This complacent and reactionary scenario has been exploded in Tunisia and Egypt. History has returned with a vengeance. What is presently unfolding in Cairo and throughout Egypt is revolution, the real thing.
Wish it were, but no. The best clue I have to the non-class nature of the revolution is summed up in the following question “What happened to the General Strike?” We read here and here on Monday that it was supposed to have begun on Tuesday. At myfiredoglake, Jeff Kaye wrote:
… Barely reported in the West, among the crowds at Tahrir Square last Sunday, a new trade union confederation was announced, the Federation of Egyptian Trade Unions (FETU), which immediately issued a call for a general-strike. The call has been widely taken up, and many reports now link the uprising to unity with the workers, particularly in Suez, where the battle has been fought most intensely with state police.

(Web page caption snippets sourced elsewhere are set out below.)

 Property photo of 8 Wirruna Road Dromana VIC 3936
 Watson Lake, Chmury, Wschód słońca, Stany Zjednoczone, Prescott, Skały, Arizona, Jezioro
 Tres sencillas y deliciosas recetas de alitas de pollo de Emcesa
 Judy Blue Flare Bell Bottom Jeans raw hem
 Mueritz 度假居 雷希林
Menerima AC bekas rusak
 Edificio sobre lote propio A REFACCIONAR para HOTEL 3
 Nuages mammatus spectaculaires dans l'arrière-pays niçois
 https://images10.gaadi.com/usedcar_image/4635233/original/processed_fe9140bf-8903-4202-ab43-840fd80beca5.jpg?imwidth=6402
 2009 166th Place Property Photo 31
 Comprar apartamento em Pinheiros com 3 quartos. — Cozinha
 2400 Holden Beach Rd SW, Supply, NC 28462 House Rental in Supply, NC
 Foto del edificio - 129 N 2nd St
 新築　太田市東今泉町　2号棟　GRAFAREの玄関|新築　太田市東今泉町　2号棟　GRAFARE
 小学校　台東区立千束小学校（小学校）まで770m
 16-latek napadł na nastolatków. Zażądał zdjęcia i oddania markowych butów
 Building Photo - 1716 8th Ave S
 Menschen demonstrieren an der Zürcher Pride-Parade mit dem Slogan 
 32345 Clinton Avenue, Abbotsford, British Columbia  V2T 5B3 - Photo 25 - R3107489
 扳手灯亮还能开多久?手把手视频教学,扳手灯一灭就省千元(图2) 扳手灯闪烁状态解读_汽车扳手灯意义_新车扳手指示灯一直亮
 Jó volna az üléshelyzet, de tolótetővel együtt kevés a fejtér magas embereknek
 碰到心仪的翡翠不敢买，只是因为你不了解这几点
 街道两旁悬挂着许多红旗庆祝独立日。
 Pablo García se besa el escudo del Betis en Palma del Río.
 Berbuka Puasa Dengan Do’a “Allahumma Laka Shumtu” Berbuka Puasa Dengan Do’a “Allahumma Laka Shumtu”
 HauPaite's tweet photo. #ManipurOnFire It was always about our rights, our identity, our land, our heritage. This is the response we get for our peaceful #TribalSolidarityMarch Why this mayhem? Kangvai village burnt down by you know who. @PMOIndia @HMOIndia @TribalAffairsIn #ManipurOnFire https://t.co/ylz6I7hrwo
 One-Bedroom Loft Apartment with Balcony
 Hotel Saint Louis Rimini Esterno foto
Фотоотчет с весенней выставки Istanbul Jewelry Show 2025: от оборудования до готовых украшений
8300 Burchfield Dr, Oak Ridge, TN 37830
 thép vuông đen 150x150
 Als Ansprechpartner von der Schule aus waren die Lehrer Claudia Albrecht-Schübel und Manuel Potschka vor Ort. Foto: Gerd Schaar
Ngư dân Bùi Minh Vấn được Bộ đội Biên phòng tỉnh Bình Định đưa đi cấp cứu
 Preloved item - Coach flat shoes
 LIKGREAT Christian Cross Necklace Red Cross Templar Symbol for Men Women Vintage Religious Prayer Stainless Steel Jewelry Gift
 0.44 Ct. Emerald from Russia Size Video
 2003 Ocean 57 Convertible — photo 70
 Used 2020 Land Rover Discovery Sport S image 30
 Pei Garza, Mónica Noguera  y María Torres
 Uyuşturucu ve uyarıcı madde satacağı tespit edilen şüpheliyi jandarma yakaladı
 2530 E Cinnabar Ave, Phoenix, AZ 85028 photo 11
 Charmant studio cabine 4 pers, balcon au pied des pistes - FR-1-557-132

But we’ve heard nothing about it, from any source, since then. Do a google search and see for yourself. Now, I realize the mainstream media is always reluctant to focus attention on expressions of worker power, but a successful general strike would _force_ attention on itself. That just has not happened, so I have to assume the general strike has not, uh, become ‘general’. And, since the effective way to demonstrate the working class is playing a primary role in a revolution is through it carrying out an effective general strike, my conclusion is the Egyptian working class and lower-middle-class are not going all out participating in this revolution, at least not yet.
Another worrying sign is the apparent fact that less than 300,000 protestors participated in Tuesday’s “million-man march.” Again, the regime attempted to discourage participation, but such attempts would’ve been overwhelmed by an entire working class enthusiastically participating in this revolution. So, I wonder.
If there is only a peripheral class aspect to this revolution and in fact its commanding center is post-ideological, that makes it understandable that workers would be reluctant to put their lives on the line for it. What would be the point? To get a “new boss, same as the old boss”? I wrote “It’s the U.S. vs. the Egyptian people (Mubarak’s just our dictator)” optimistically last week, but if this revolution is simply about replacing Mubarak with a friendlier face of what is essentially U.S.-sponsored military rule, what’s the point of dying for that?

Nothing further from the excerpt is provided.